ただ、夜明け前の、漆黒の闇が黒っぽい紺色に少し透き通ってきた、清澄な静寂の時刻の日本的なかそけさを書き表すところから始まって、生命の超越へと想いを馳せさせている。
彼がどんな境涯に立ったのか。小生には想像すらつかない。
いずれにせよ、彼は超越の彼方へ羽ばたいてしまったのだから」
透きとおるBlue Black . 明未ぬ寅一つ(※)刻。靈のごと狭霧幽玄ふ。白黎の氣を孕みつも時鳥、ふかく眠りぬ。あを(蒼) き とき こころ やすらぐ。
蜉蝣の薄羽の做せる蒼褪めし、翳り幽し。さやけくも、もろくかよわきもえ初めの、夭きいの(命)ちあわく薄し。淡墨の柔らに滲み逝くすゑに染入り清みて透き喪せる、とき。無に添ふ瞬。

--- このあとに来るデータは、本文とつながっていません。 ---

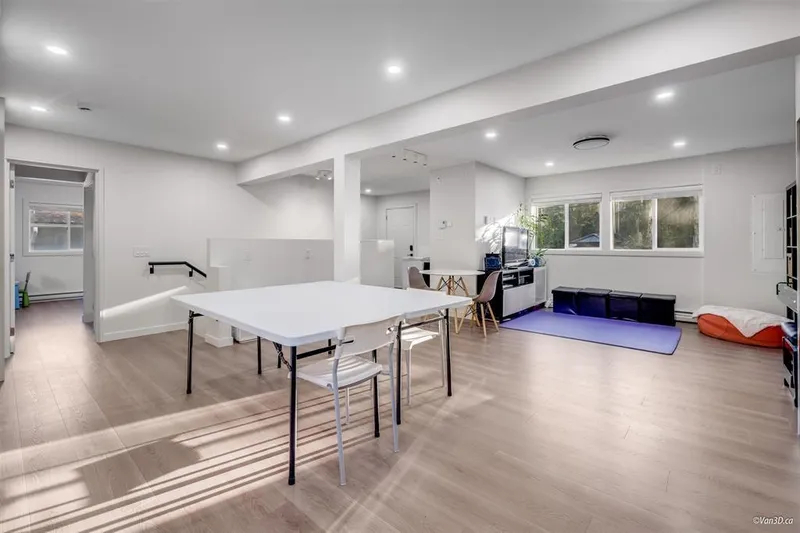 7843 WEDGEWOOD STREET - photo 1 of 24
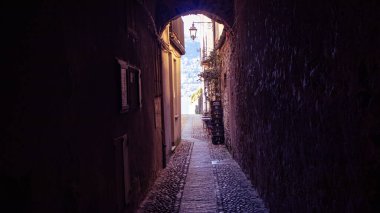 Orta San Giulio manzaralı manzara, Orta Gölü 'ndeki güzel köy, Piedmont (Piemonte), Italya.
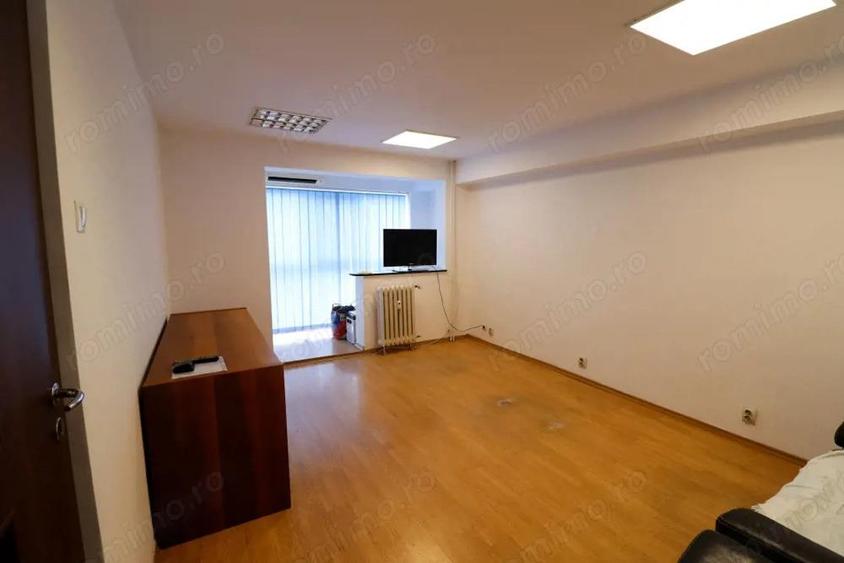 Bloc stradal - intersectie Chisinau cu Pantelimon - 10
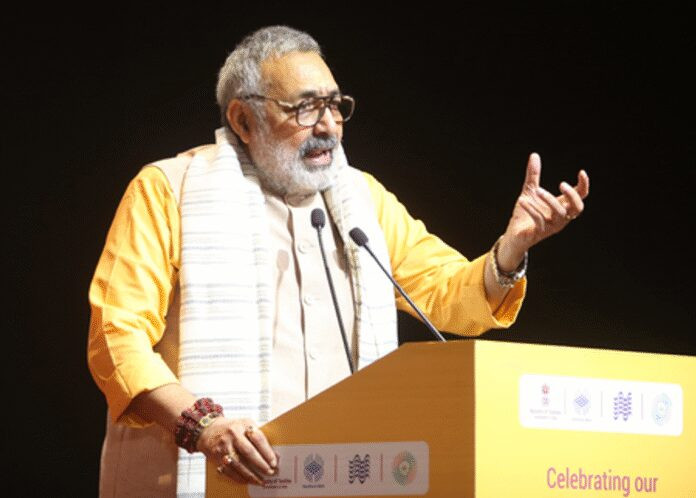 'कांग्रेस ने सम्राट अशोक का किया अपमान, तेजस्वी गठबंधन से अलग हों', गिरिराज सिंह का आरोप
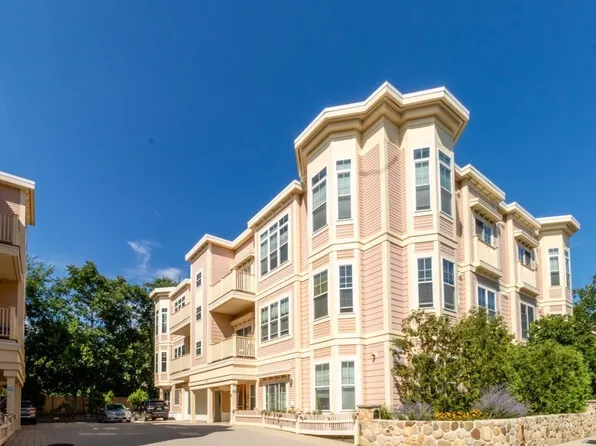 69 Bolton St APT 101, Cambridge, MA 02140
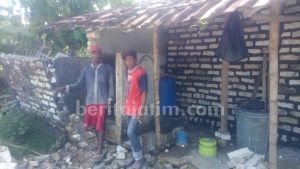 Rumah Warga di Bantaran Sungai Kemuning Ambruk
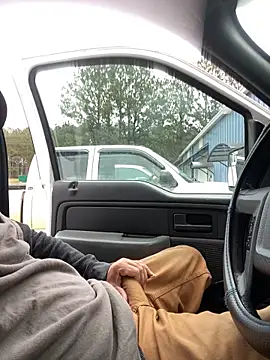 Snapshot of Themechanic420 chatting on 02.04.25 Themechanic420 online show from 02.04.25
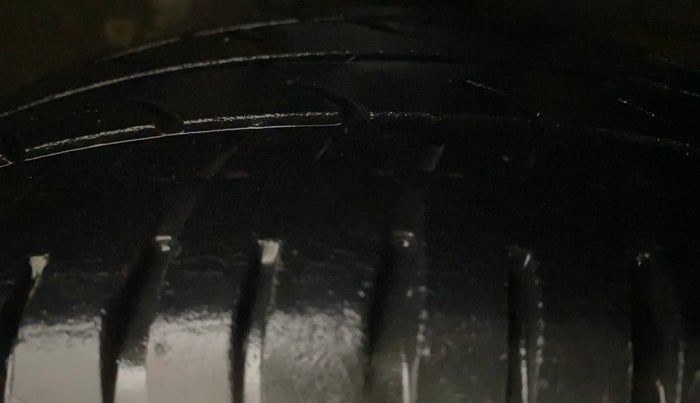 2016 Hyundai Xcent SX 1.2 (O), Petrol, Manual, 73,939 km, Right Front Tyre Tread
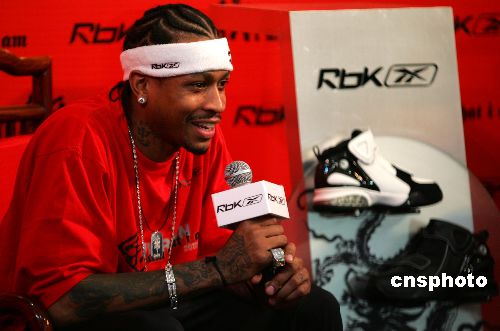 德甲战报：基尼洛斯1射1传，奥格斯堡2-0战胜勒沃库森（德甲：基尼洛斯传射建功，奥格斯堡2-0击败勒沃库森）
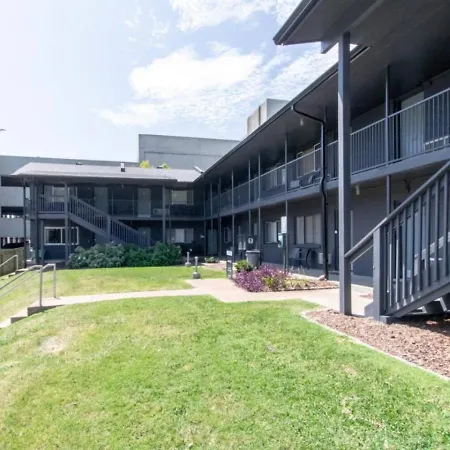 Urban Hideaway Cozy With Pool Access Apartment Nashville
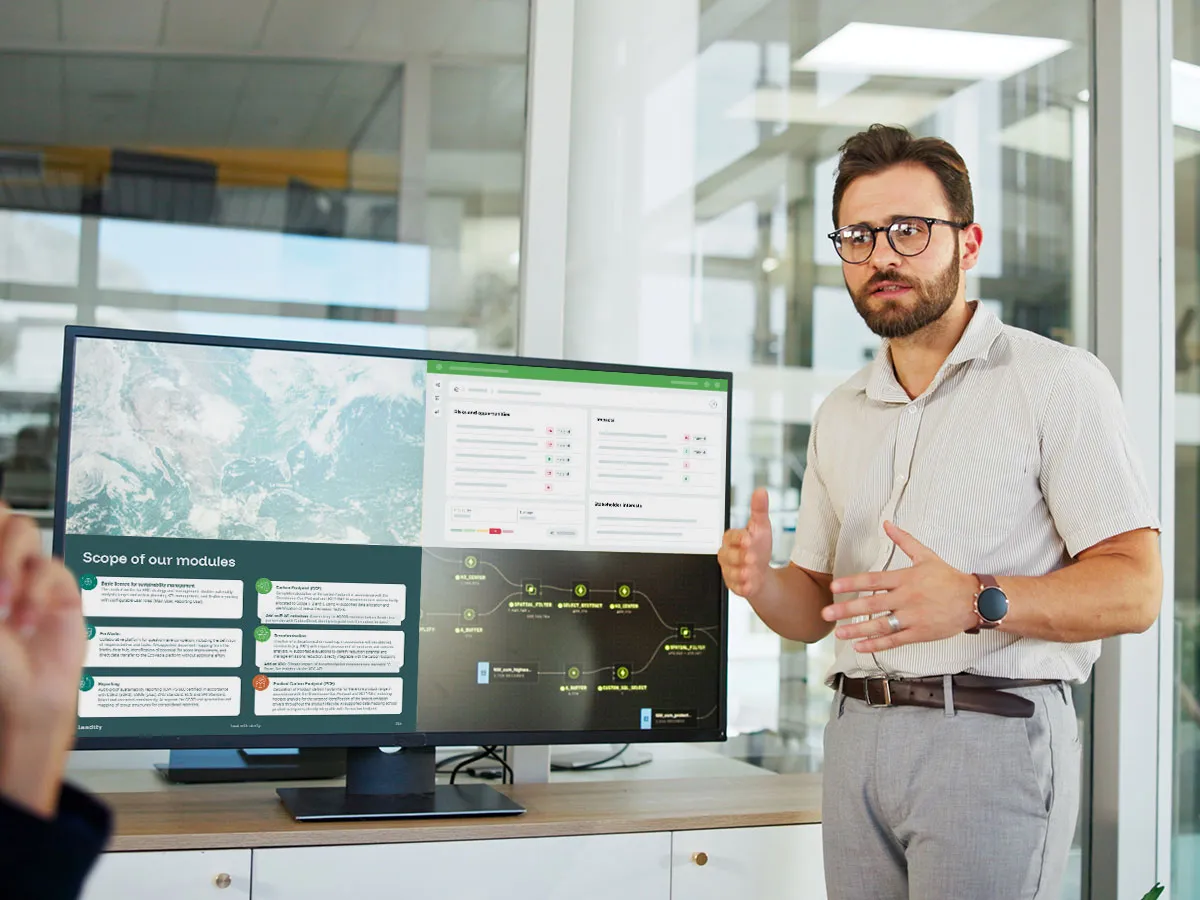 ISO 14001 - Frau und Mann besprechen Umweltmanagementsystem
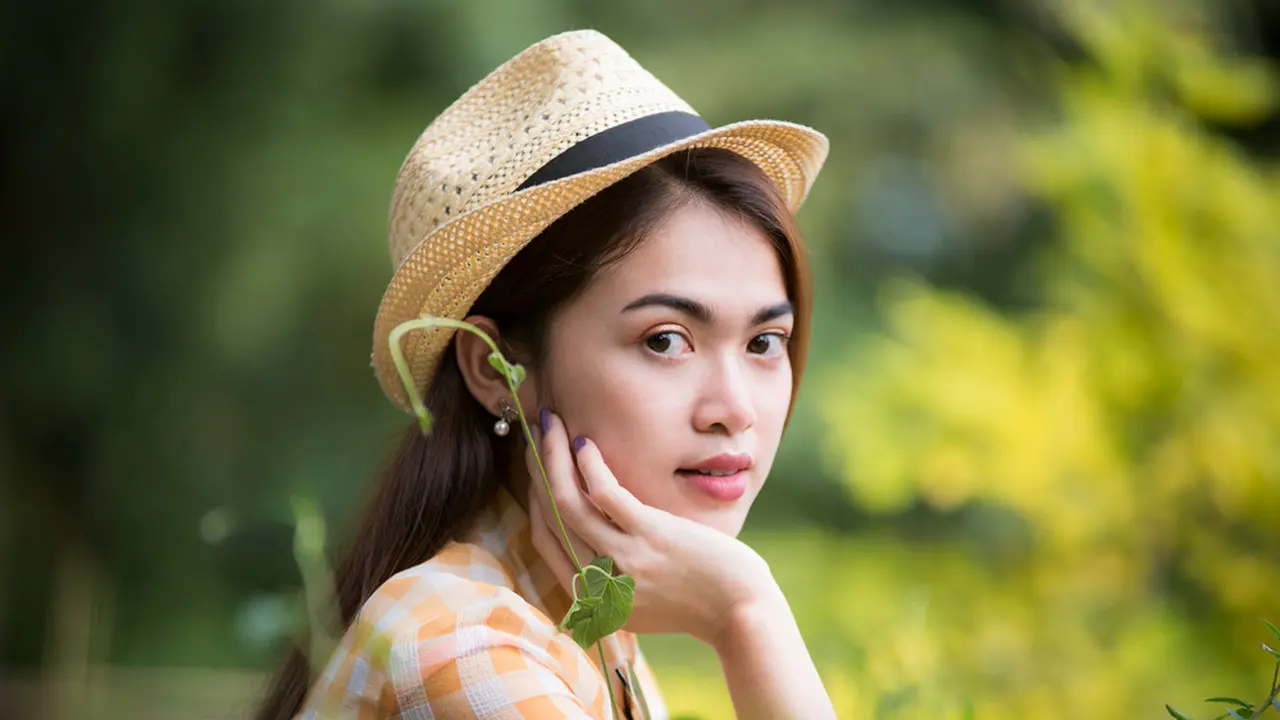 cantik alami kalem single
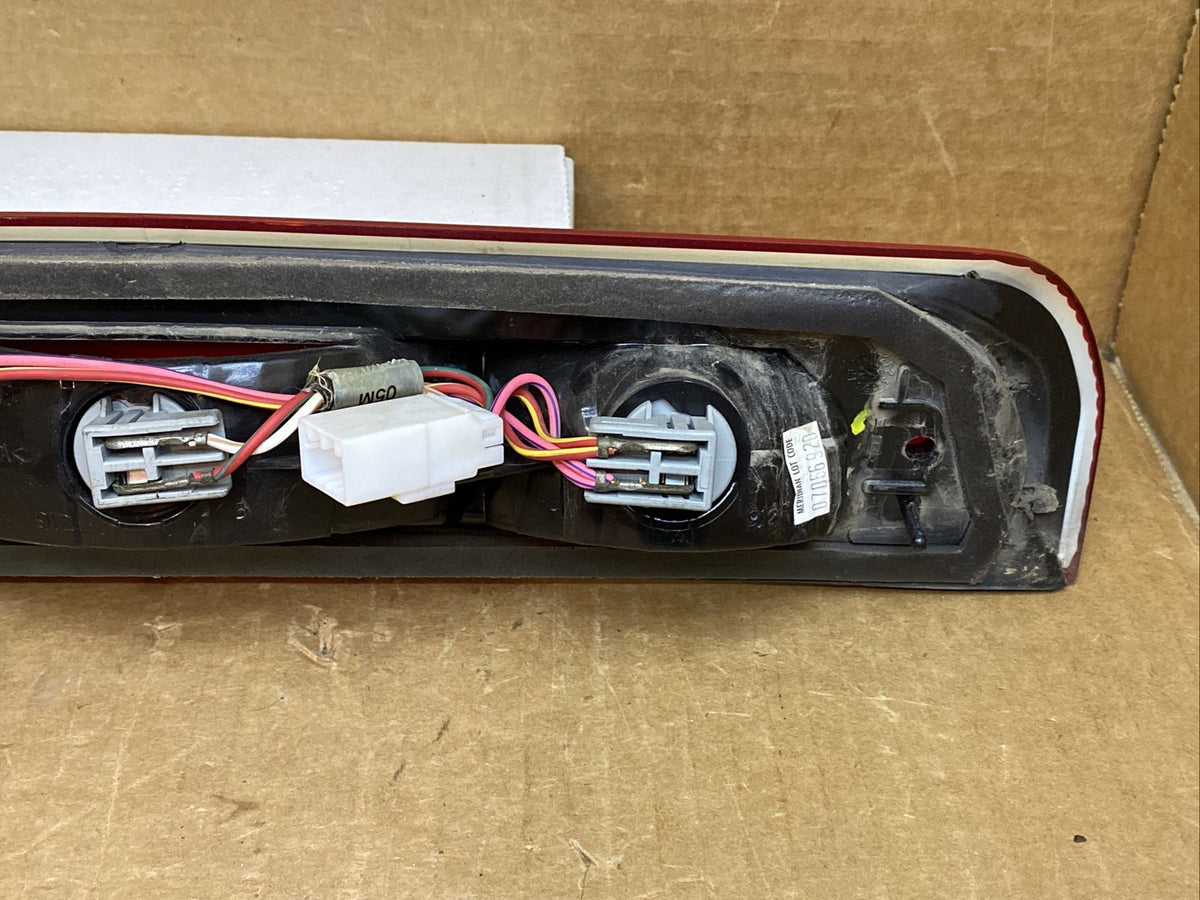 2002 2008 Dodge Ram High Mount Third Brake Light Assembly Genuine OEM 55077123AE9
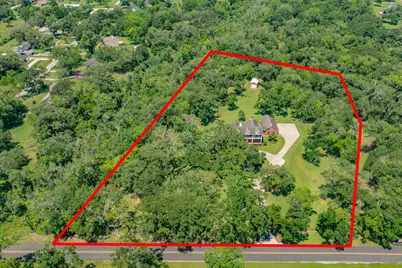 1635 Bayou Drive, Lake Jackson, TX 77566 - Photo 4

黄昏に觀ぜらる滅亡の、狂ほしく做す狂躁の、涯しなき焦燥に、滾ちる美とは眞叛さにあり。
明け前のきよらも厭くれば、気まぐれに優しきJazzの記録を盤に載せて針を置く。
満ち足りてもの哀しくも繊細な、澄みし音いろ。静かなる、午後のカフェにて聴くにしあらば、ふさはしと想へども、敢へてこの、瞬に聴く。
ともに静といふとても、寂莫と静謐と、あい互ふ。差異響きあひἉρμονία(ハルモニア)做し、あぢはひぶかし。
考は空きものぞ内在へと素の儘直截くる已が生鮮やかせ、眞たらしめて眩きリアル。いのち盈ち、盈ちあふれ、燦めくVivid. 人は、いや、すべての生は、これを求めぬ。いでんしは求むあらはれ。おもへらく、存続せんと存在が著欲するは眞求むゆゑ。
生存は生存優せよと死をもちて恫喝するも、人の求むは眞歓びなり。躬らを牽き裂き翔ぶが生命の大義のすべて。存在の大義のすべて。
肯ぜよ。龍のごとくに肯ぜよ。躬らを超え、無際限なる龍の肯じ。肯じ生きよ。
天に齊しき聖なる賢者いはく、生存は非なるかな、生命にあらず。
※寅一つ……午前三時から三時半。